The key performance indicator (KPI) recorded as an indication of patient care quality in ED is the time taken from triage to being first seen by a doctor. There is no data collected for the time my friend spent in the waiting room with unmanaged pain and unassessed symptoms. 

After triage, my friend was seen in 30 minutes by a doctor. The record at RNS will show he was seen in 30 minutes. 

At Blacktown Hospital, the record would show my friend was seen in 2 hours and 10 minutes.

And just like this, the truth has been edited. RNS is so focused on optimising their metric that the patients’ experience is largely disregarded. This is a prime example of an organisation prioritising measures over their customers.
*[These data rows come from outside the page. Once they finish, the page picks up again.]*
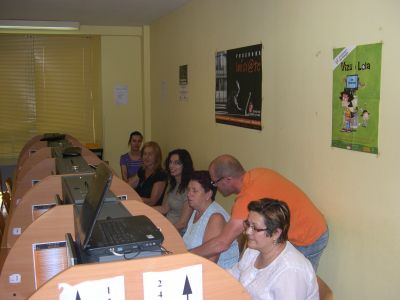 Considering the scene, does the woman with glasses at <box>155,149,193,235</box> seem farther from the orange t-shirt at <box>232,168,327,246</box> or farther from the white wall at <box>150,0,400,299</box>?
the orange t-shirt at <box>232,168,327,246</box>

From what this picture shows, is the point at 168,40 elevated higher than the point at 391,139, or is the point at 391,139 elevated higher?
the point at 168,40

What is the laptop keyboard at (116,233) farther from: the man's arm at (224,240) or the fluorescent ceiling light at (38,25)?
the fluorescent ceiling light at (38,25)

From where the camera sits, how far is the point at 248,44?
349 centimetres

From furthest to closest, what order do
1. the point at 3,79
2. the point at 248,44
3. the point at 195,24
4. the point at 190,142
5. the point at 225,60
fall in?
the point at 3,79
the point at 190,142
the point at 195,24
the point at 225,60
the point at 248,44

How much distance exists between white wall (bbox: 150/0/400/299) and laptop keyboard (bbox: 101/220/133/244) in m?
1.24

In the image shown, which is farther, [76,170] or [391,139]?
[76,170]

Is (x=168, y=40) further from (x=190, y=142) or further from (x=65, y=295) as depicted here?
(x=65, y=295)

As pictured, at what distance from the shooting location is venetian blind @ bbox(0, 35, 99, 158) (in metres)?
6.79

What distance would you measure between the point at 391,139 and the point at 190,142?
3077 mm

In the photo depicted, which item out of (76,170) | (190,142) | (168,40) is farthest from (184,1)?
(76,170)

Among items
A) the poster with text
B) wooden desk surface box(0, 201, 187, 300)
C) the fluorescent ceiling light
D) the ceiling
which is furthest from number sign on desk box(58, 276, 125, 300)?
the fluorescent ceiling light

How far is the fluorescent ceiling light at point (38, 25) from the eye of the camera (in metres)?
5.89

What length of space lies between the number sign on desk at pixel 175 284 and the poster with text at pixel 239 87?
2.09 meters

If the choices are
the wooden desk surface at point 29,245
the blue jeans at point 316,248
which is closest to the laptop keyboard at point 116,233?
the wooden desk surface at point 29,245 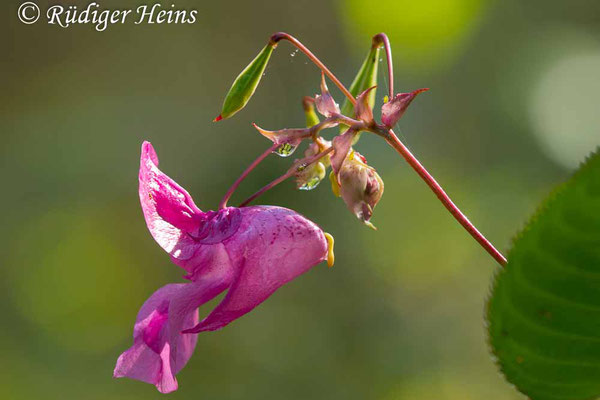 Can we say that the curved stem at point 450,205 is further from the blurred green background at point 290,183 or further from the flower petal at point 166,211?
the blurred green background at point 290,183

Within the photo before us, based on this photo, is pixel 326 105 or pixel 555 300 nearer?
pixel 555 300

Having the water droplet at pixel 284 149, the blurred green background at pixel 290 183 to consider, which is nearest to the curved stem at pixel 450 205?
the water droplet at pixel 284 149

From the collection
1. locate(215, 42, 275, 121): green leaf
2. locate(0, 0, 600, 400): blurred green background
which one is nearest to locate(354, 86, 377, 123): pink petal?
locate(215, 42, 275, 121): green leaf

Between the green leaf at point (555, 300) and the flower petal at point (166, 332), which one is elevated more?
the green leaf at point (555, 300)

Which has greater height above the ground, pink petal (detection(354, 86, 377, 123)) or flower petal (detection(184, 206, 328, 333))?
pink petal (detection(354, 86, 377, 123))

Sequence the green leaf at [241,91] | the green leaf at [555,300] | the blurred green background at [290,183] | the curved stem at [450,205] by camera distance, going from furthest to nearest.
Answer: the blurred green background at [290,183] < the green leaf at [241,91] < the curved stem at [450,205] < the green leaf at [555,300]

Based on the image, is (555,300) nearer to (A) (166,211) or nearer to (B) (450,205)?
(B) (450,205)

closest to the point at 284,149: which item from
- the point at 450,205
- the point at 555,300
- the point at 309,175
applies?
the point at 309,175

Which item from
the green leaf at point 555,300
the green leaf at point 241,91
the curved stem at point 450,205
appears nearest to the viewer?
the green leaf at point 555,300

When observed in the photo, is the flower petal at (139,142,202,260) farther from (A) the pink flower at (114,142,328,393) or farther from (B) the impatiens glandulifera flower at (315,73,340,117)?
(B) the impatiens glandulifera flower at (315,73,340,117)
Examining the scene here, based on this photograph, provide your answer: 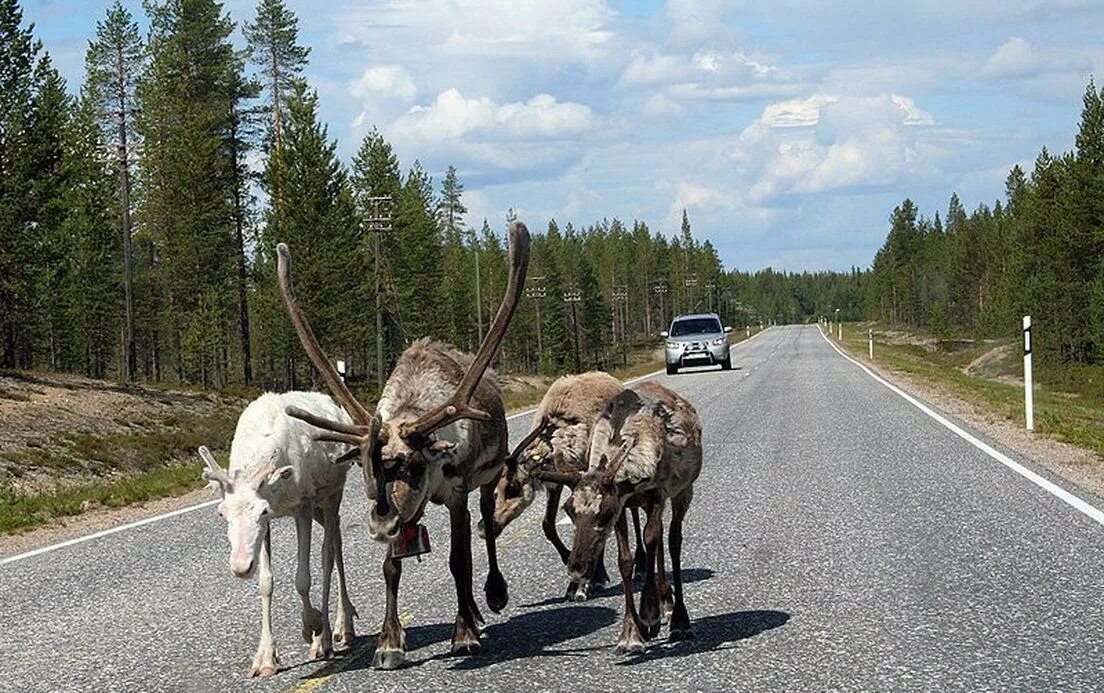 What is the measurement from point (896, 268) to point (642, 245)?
121 ft

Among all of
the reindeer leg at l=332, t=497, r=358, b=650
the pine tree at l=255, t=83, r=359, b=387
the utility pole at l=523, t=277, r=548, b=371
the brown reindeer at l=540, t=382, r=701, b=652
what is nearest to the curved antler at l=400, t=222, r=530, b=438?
the brown reindeer at l=540, t=382, r=701, b=652

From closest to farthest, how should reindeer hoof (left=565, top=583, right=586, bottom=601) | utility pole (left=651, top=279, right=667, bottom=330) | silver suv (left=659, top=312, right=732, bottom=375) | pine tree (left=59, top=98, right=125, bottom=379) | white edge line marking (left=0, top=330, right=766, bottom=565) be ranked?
reindeer hoof (left=565, top=583, right=586, bottom=601)
white edge line marking (left=0, top=330, right=766, bottom=565)
silver suv (left=659, top=312, right=732, bottom=375)
pine tree (left=59, top=98, right=125, bottom=379)
utility pole (left=651, top=279, right=667, bottom=330)

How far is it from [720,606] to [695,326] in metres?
36.1

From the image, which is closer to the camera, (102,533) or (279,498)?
(279,498)

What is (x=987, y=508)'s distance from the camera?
1112cm

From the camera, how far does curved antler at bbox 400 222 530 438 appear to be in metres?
6.17

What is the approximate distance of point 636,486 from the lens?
20.9 ft

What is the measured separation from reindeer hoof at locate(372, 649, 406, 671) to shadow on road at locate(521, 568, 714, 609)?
162 cm

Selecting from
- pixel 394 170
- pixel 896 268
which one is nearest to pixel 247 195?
pixel 394 170

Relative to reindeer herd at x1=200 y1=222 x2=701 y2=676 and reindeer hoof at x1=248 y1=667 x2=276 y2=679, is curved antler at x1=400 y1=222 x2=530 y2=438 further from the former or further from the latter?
reindeer hoof at x1=248 y1=667 x2=276 y2=679

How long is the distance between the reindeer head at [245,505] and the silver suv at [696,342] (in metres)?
34.6

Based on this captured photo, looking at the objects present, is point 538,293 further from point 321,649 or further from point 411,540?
point 411,540

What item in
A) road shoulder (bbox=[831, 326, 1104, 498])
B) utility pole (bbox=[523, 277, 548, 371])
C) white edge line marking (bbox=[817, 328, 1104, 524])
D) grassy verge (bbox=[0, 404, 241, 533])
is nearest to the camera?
white edge line marking (bbox=[817, 328, 1104, 524])

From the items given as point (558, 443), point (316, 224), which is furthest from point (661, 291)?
point (558, 443) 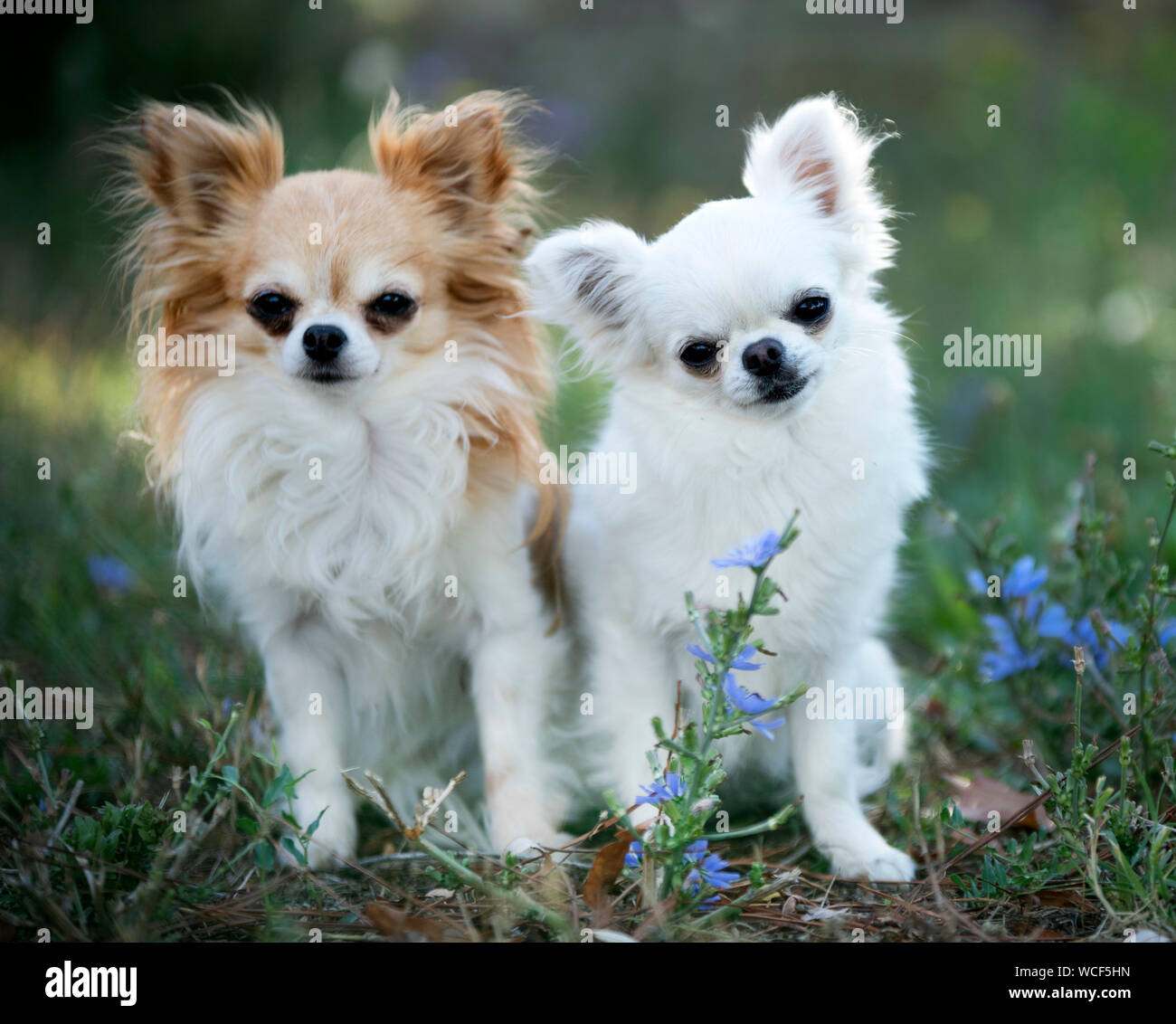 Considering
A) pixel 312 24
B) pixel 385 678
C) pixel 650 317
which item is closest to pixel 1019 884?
pixel 650 317

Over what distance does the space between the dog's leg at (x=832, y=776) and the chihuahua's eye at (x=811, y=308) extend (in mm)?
787

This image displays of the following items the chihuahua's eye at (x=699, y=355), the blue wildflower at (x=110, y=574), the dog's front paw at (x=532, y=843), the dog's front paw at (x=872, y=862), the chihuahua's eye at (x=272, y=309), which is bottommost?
the dog's front paw at (x=872, y=862)

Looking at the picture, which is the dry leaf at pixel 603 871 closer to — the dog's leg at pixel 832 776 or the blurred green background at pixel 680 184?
the dog's leg at pixel 832 776

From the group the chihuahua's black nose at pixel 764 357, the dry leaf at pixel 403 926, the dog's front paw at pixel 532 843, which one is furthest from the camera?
the dog's front paw at pixel 532 843

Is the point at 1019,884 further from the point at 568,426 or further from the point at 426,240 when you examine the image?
the point at 568,426

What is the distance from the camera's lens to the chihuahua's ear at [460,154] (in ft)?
8.29

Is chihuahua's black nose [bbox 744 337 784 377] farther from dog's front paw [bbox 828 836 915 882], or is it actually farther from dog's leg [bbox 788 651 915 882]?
dog's front paw [bbox 828 836 915 882]

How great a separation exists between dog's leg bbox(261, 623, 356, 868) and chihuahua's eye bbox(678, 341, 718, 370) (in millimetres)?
1081

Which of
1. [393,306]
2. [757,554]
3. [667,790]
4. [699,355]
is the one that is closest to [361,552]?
[393,306]

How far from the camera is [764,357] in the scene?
210 centimetres

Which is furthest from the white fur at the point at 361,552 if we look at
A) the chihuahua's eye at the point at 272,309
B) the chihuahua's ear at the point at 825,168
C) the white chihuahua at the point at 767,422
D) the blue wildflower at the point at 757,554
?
the blue wildflower at the point at 757,554

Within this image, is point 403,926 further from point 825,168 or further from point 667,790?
point 825,168

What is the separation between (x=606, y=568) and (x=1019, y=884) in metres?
1.06

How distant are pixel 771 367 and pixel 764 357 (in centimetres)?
2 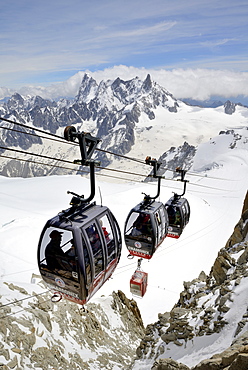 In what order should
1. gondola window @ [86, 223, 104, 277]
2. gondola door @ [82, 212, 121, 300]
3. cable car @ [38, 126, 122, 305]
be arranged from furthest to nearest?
gondola window @ [86, 223, 104, 277]
gondola door @ [82, 212, 121, 300]
cable car @ [38, 126, 122, 305]

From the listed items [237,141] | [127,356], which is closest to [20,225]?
[127,356]

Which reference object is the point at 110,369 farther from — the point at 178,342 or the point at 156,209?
the point at 156,209

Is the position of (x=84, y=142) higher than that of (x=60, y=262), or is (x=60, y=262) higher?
(x=84, y=142)

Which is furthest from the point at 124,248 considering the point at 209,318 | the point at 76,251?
the point at 76,251

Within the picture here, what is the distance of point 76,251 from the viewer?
23.6 ft

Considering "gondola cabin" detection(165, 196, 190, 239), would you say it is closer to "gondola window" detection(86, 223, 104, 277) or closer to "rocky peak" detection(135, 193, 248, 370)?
"rocky peak" detection(135, 193, 248, 370)

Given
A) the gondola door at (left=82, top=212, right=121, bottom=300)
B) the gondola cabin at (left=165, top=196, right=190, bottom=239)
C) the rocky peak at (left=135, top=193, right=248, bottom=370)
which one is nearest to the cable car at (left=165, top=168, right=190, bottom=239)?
the gondola cabin at (left=165, top=196, right=190, bottom=239)

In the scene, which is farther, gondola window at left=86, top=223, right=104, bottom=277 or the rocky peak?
the rocky peak

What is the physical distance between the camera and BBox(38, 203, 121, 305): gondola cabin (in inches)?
289

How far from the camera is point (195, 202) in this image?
151ft

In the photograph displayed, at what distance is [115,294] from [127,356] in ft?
18.4

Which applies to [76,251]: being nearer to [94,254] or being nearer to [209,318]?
[94,254]

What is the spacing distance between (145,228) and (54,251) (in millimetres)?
4675

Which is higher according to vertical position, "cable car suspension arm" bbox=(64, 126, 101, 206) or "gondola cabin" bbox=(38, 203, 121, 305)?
"cable car suspension arm" bbox=(64, 126, 101, 206) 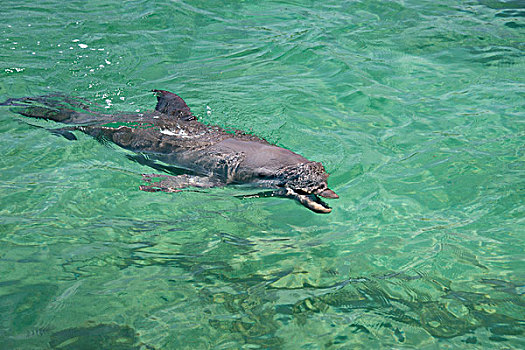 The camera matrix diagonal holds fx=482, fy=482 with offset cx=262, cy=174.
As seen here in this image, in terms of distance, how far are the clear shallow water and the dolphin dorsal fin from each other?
0.37 meters

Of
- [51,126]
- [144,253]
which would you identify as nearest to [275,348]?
[144,253]

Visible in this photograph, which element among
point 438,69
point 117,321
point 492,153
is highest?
point 438,69

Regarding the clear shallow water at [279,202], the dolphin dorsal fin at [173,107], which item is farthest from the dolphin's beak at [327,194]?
the dolphin dorsal fin at [173,107]

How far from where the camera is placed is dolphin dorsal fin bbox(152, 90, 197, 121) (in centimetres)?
636

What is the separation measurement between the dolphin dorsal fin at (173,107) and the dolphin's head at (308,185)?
78.0 inches

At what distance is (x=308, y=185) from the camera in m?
4.85

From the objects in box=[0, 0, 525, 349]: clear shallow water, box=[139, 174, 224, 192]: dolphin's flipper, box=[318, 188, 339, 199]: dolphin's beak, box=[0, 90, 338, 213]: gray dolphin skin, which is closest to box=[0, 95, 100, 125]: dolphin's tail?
box=[0, 90, 338, 213]: gray dolphin skin

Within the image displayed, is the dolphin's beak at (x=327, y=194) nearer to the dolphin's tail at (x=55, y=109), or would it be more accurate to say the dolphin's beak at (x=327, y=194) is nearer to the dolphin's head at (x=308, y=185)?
the dolphin's head at (x=308, y=185)

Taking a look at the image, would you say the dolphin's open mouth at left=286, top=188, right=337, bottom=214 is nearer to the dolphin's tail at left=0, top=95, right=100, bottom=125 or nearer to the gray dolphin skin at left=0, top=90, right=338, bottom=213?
the gray dolphin skin at left=0, top=90, right=338, bottom=213

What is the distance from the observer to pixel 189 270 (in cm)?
410

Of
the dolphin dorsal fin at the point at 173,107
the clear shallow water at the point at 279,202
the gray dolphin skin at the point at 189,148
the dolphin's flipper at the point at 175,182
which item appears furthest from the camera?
the dolphin dorsal fin at the point at 173,107

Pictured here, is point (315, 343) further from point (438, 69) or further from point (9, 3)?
point (9, 3)

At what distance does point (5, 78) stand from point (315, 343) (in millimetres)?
6568

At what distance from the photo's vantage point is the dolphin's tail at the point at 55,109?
641 cm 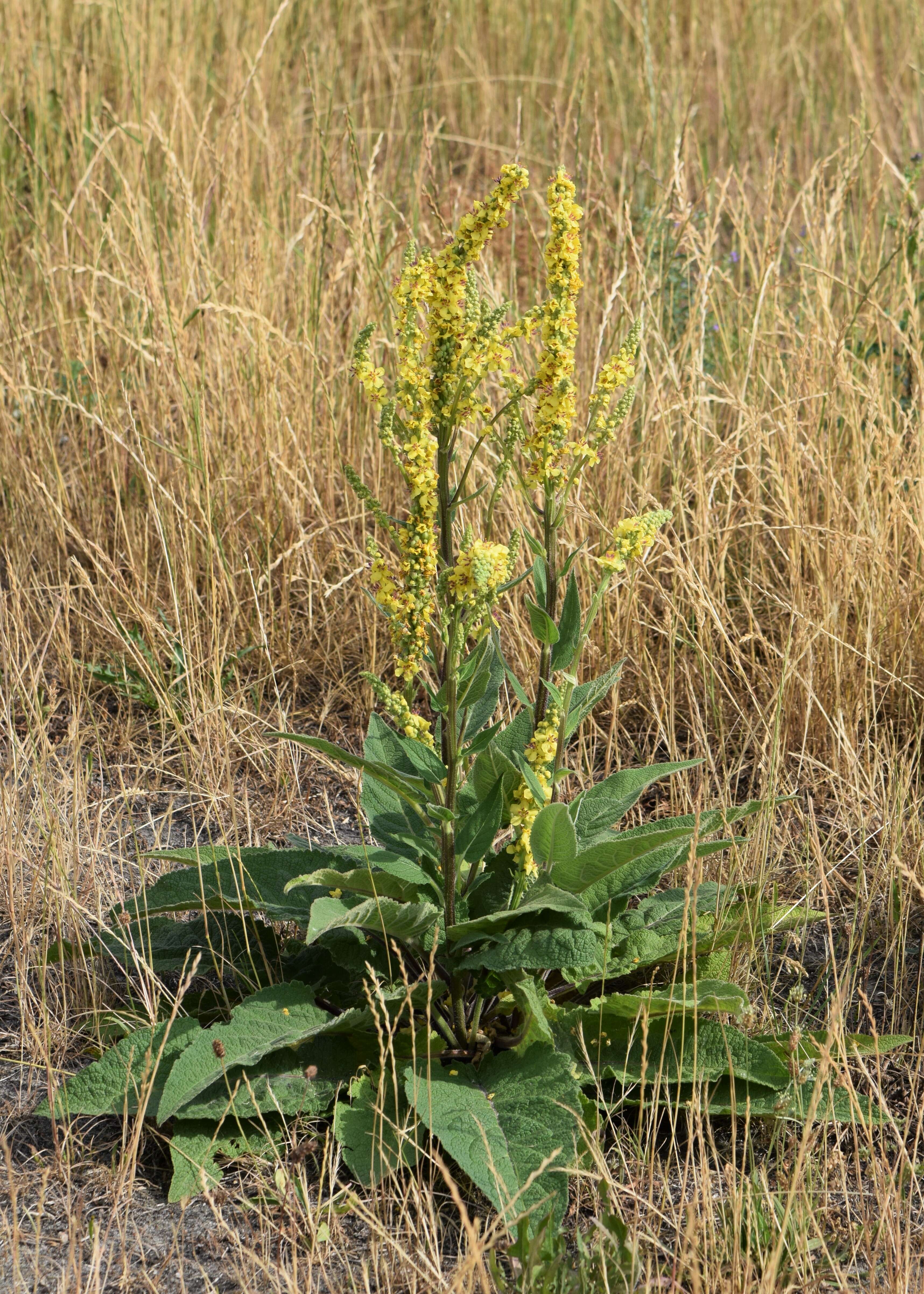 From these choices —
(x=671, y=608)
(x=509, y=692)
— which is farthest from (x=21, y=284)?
(x=671, y=608)

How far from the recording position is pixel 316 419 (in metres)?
3.08

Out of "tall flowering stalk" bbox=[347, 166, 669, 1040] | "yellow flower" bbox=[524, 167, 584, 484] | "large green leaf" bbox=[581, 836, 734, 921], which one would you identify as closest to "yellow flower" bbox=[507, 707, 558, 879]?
"tall flowering stalk" bbox=[347, 166, 669, 1040]

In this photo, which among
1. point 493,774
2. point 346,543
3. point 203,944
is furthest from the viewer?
point 346,543

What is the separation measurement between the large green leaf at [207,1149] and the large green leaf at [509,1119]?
229mm

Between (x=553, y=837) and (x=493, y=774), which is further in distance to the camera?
(x=493, y=774)

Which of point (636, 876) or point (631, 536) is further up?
point (631, 536)

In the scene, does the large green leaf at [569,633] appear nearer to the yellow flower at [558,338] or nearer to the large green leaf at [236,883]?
the yellow flower at [558,338]

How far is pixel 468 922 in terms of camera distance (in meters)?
1.66

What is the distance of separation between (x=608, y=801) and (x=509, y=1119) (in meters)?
0.49

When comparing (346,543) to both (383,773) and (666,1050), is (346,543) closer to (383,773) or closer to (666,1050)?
(383,773)

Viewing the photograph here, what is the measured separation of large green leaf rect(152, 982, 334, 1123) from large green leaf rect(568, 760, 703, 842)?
0.47m

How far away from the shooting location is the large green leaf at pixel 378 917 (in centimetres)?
153

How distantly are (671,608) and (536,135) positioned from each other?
3096 mm

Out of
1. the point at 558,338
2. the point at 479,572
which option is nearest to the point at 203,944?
the point at 479,572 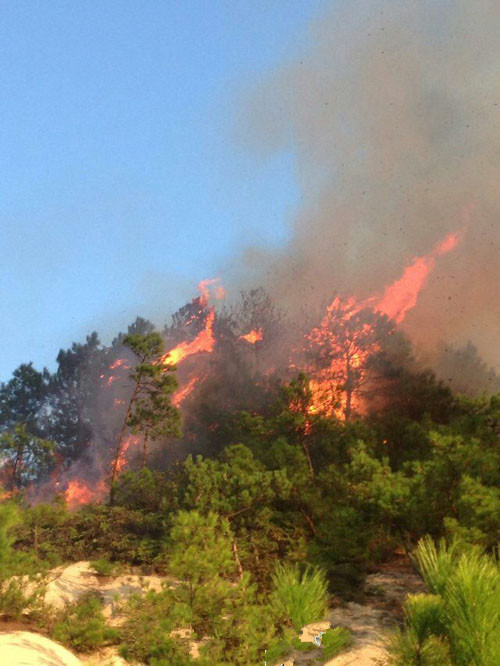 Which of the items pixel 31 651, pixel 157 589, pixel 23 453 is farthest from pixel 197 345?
pixel 31 651

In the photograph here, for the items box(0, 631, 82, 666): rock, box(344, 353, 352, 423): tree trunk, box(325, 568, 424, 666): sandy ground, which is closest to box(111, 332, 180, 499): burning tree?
box(344, 353, 352, 423): tree trunk

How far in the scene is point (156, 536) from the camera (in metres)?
24.1

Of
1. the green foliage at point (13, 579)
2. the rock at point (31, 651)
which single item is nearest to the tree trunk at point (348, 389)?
the green foliage at point (13, 579)

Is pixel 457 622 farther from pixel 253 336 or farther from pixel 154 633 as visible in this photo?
pixel 253 336

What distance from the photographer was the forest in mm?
10336

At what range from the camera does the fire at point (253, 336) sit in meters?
49.6

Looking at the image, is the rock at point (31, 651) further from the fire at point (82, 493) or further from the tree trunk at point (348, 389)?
the fire at point (82, 493)

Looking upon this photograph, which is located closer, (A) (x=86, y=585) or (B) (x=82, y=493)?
(A) (x=86, y=585)

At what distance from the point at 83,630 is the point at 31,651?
2.82 m

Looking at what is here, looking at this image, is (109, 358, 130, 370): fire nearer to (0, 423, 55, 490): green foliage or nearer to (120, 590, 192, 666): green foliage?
(0, 423, 55, 490): green foliage

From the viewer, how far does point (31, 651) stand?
1283cm

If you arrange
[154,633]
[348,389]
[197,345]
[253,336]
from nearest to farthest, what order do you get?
1. [154,633]
2. [348,389]
3. [253,336]
4. [197,345]

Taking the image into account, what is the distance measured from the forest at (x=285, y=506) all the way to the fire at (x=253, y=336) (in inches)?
10.4

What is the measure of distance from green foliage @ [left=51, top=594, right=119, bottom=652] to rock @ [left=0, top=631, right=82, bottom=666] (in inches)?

While this can lead to dire consequences in such an important setting, can RNS really be to blame? 

Public hospitals in Sydney are run by KPIs. They are designed to maintain a baseline quality of healthcare in a complex and immense system. When a hospital's funding, their lifeline, is based on these numbers, they're incentivized to twist the truth. 

From my personal experience working in these hospitals, I know the numbers on a page don’t always reflect reality. As the adage goes “When a measure becomes a target, it ceases to be a good measure.”

So much of the work we do revolves around data, we need to remember that the data lies. And as scientists and healthcare professionals we can take a leaf out of the books of our UX colleagues and start with the user experience first.